Spanish government readies removal of dictator Franco’s remains
MADRID (Reuters) - Spain's Socialist government aims to approve a decree next Friday ordering the removal of dictator Francisco Franco's remains from a grand mausoleum outside Madrid, a senior government official told Reuters on Monday.
More than 40 years after he died, the Franco era remains a sensitive subject in Spain. The plan to move his remains divides Spanish society and political parties, and has been delayed several times over the past months. His family opposes the exhumation.
Once the removal order has been approved, Prime Minister Pedro Sanchez's government will give Franco's family 15 days to choose a place for the dictator's remains to be reburied, according to eldiario.es website.
During Franco's 1939-1975 rule, tens of thousands of his opponents were killed and imprisoned in a campaign to wipe out dissent.
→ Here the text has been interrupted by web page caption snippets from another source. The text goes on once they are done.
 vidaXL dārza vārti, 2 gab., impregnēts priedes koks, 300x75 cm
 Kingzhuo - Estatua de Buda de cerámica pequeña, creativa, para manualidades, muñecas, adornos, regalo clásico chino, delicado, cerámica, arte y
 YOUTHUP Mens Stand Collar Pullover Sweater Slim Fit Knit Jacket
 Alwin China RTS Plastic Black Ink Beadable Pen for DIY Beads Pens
As many as 500,000 combatants and civilians died in the preceding civil war.
Transforming the "Valley of the Fallen" site, marked by a 152-metre (500-foot) cross on a mountainside and criticized as Europe's only remaining monument to a fascist leader, into a memorial to victims of the brutal civil war, is a longstanding ambition of the Socialist Party.
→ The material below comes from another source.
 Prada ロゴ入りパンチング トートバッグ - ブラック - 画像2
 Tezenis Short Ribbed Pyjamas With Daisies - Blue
Sanchez's promise to remove Franco's remains before the end of his term was one of several high-profile measures intended to appeal to left-wing voters, alongside naming a majority-female cabinet and initially receiving more migrants rescued in the Mediterranean.
The plan to approve the decree comes as speculation grows that Sanchez might call an early election if his government, which controls fewer than a quarter of seats in parliament, fails to persuade lawmakers to back its budget on Wednesday.
Franco's family has said that if his remains are removed, he should be reinterred at the Almudena Roman Catholic Cathedral in central Madrid, where his daughter is buried and where the family owns a burial space.
But a government report last December concluded that the cathedral was unsuitable as a burial place for security reasons.
Franco's descendants intend to appeal any decision to move his remains, according to Spanish media.